As has been shown, pre-emptive war, even in an age of terrorism, is not always wrong because the enemy's attack is imminent and known, the right to life of the enemy has been forfeited by their intention to steal that right from others, and pre-emptive war can minimize the total destruction of a war situation. The justification of pre-emptive war is difficult in that it often stretches the boundaries of traditional just war theory, and just cause is satisfied for many and various reasons. It has been shown here that pre-emptive war is not always wrong because the war has already begun when a nation knows of an imminent enemy attack. Pre-emptive war is also not wrong both because the right to human life must be protected and because the attacking nation has forfeited its right to life categorically, a forfeit that is so clearly seen in the case of terrorism.

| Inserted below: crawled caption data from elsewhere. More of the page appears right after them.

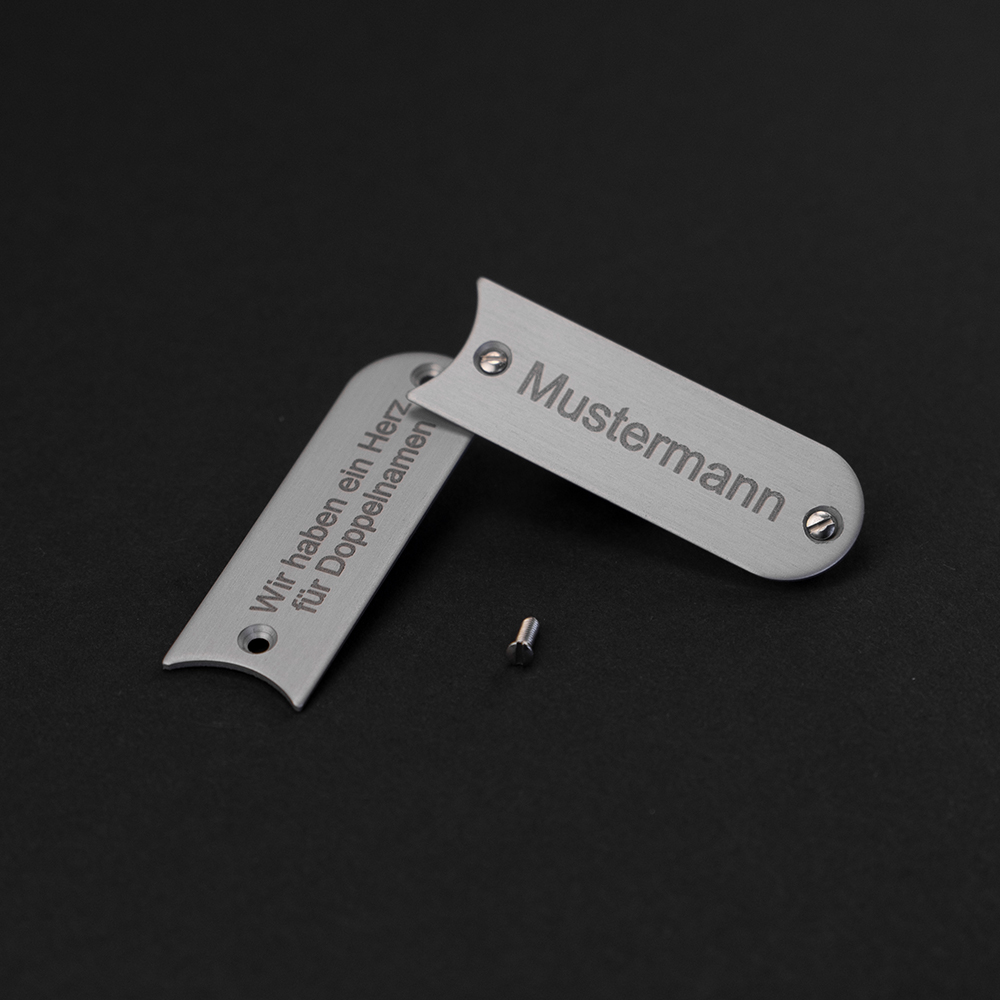 Zwei Edelstahl-Gravierschilder liegen halb übereinander; auf dem oberen steht "Mustermann", auf dem unteren steht "Wir haben ein Herz für Doppelnamen"
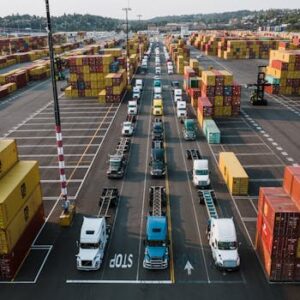 A bustling aerial shot of Seattle's shipping port with trucks lined up amongst colorful cargo containers.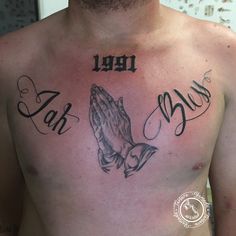 a man with a tattoo on his chest that has the words faith and an eagle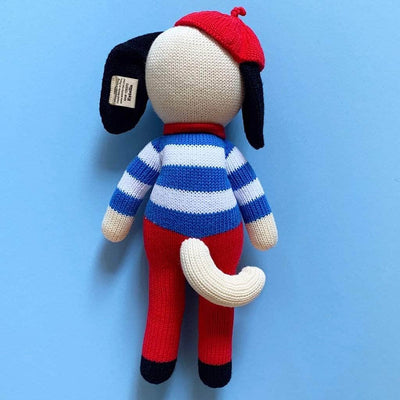 Back of the knit dog doll showing his white tail peaking out of his red pants.  Photographed on a bright blue background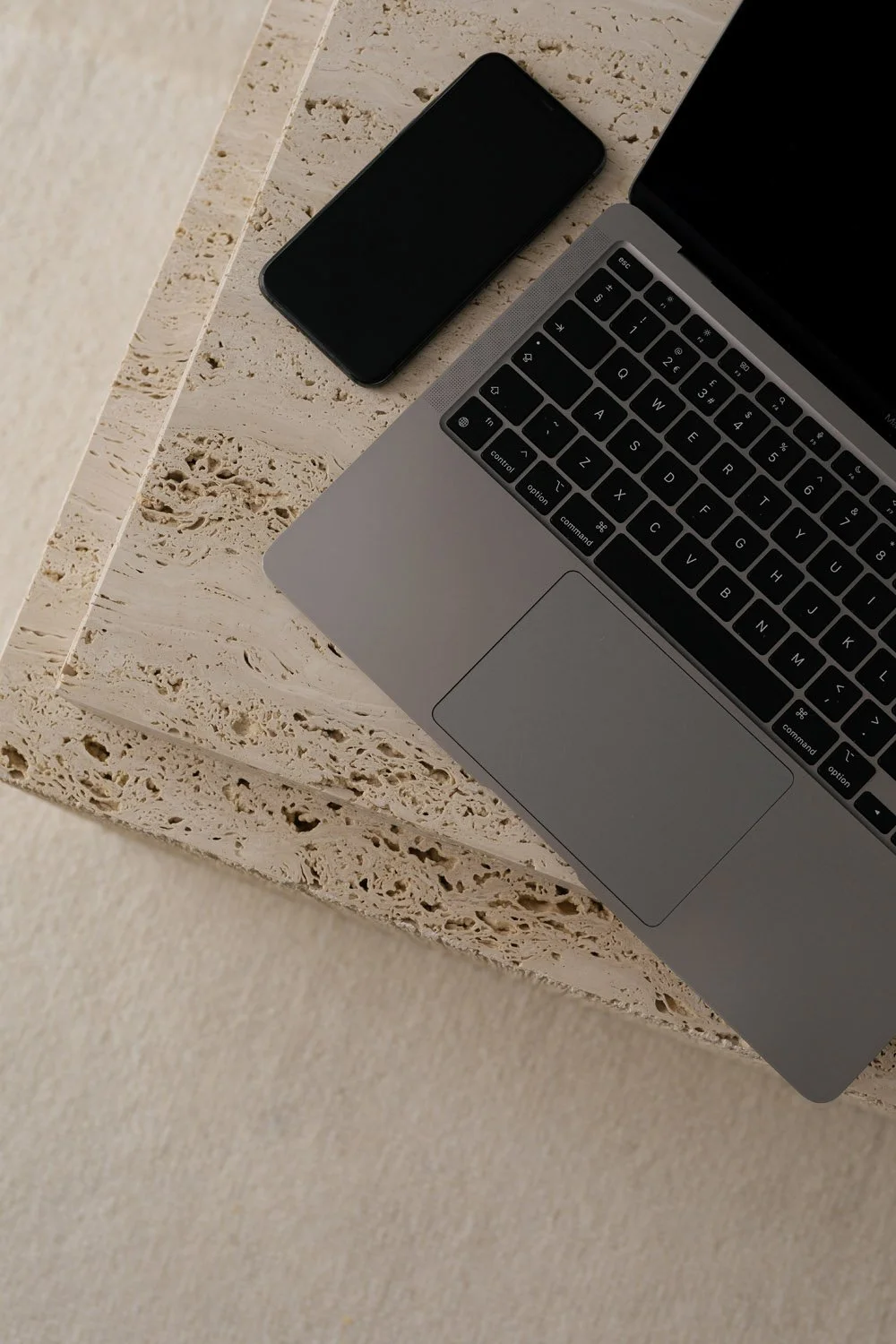 Laptop und Smartphone auf einem beigefarbenen Stein- oder Marmor-Tisch.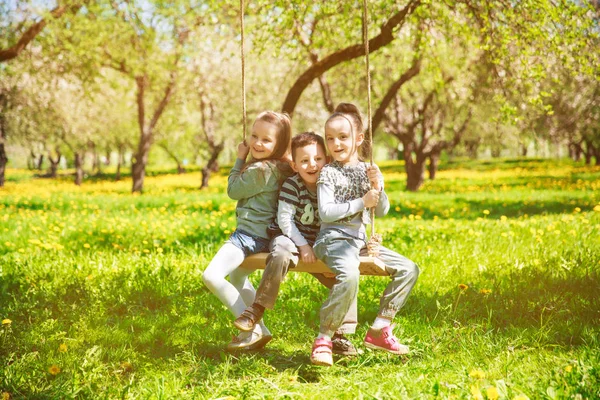 Tres niños pequeños montan en los columpios del parque — Foto de Stock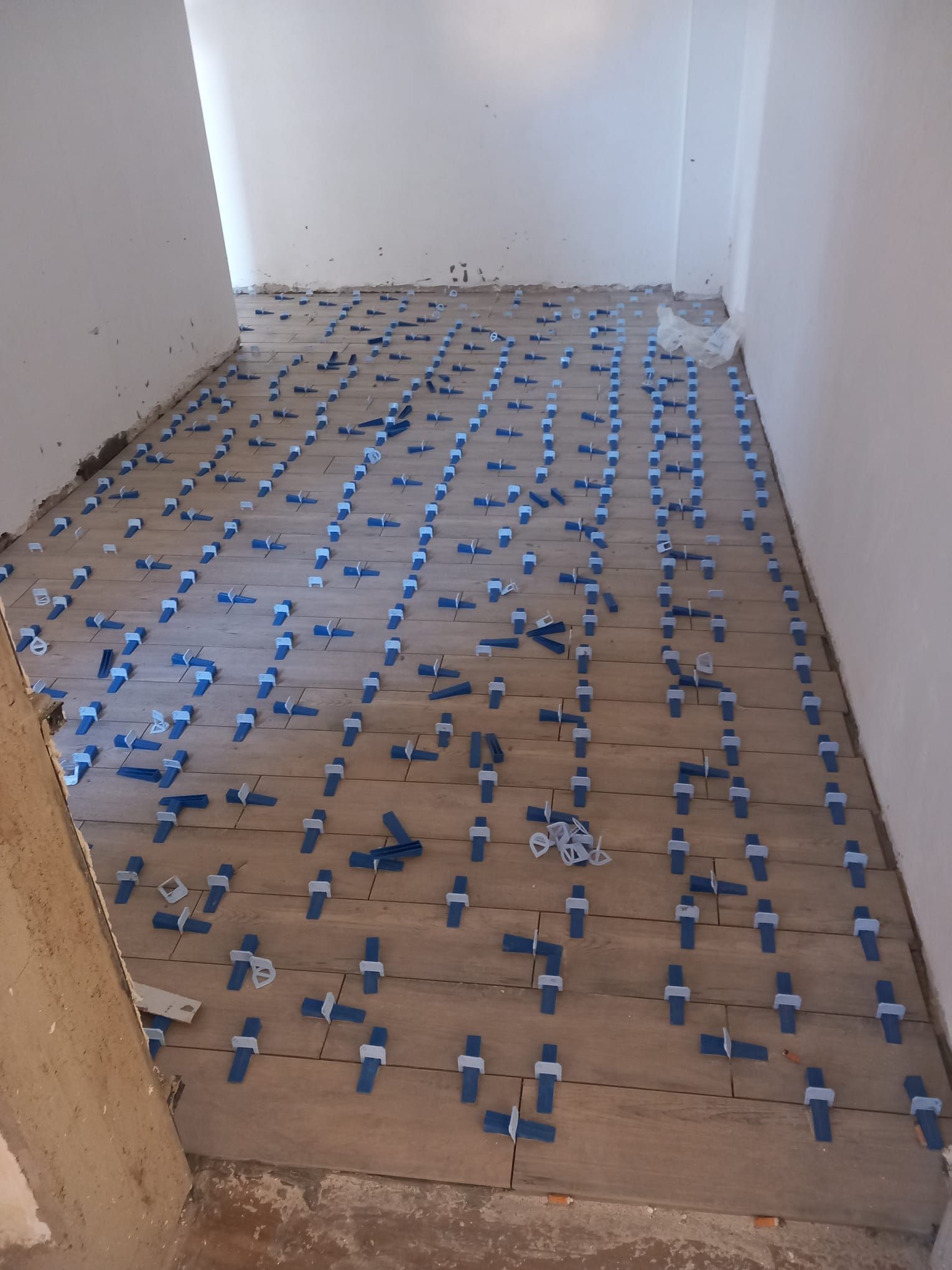 Uomo inginocchiato che installa piastrelle per pavimenti con sistema di livellamento in un ambiente interno.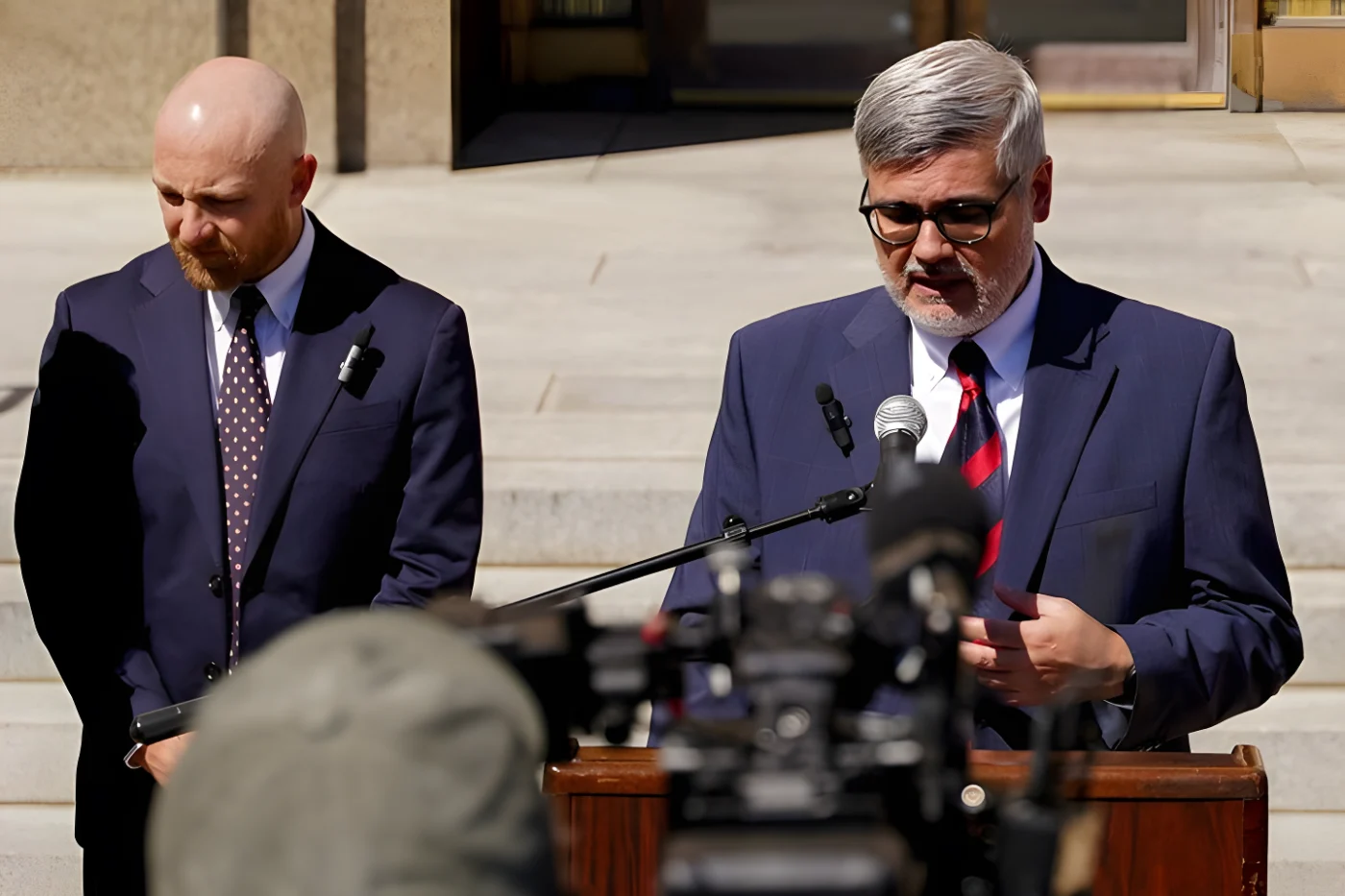 Randy Spivey, an attorney for Christa Pike, a death row prisoner who survived a botched execution, speaks to the media, flanked by Luke Ihnen, after a Tennessee court was presented a status update on Pike, outside a courtroom in Nashville, Tennessee, US, October 7, 2026. REUTERS/Seth Herald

Finally, the potential of minimizing the total destruction of war by an anticipatory action further shows that even in an age of terrorism, pre-emptive war is not always wrong.


[1] This argument uses emotion as a way of knowing. People "feel" that self-defense is more innocent than aggression, which is an emotion that often carries negative connotations.

[2] These arguments rely on revelation as a way of knowing truth.

[3] One can see how Kant knows that there is value to human life apart from anything shown to him through revelation. He instead uses reason, largely through definition of terms, rhetoric, and deduction, and sometimes even an appeal to "common sense," to come to this understanding (and the entire understanding of retributive justice, for that matter).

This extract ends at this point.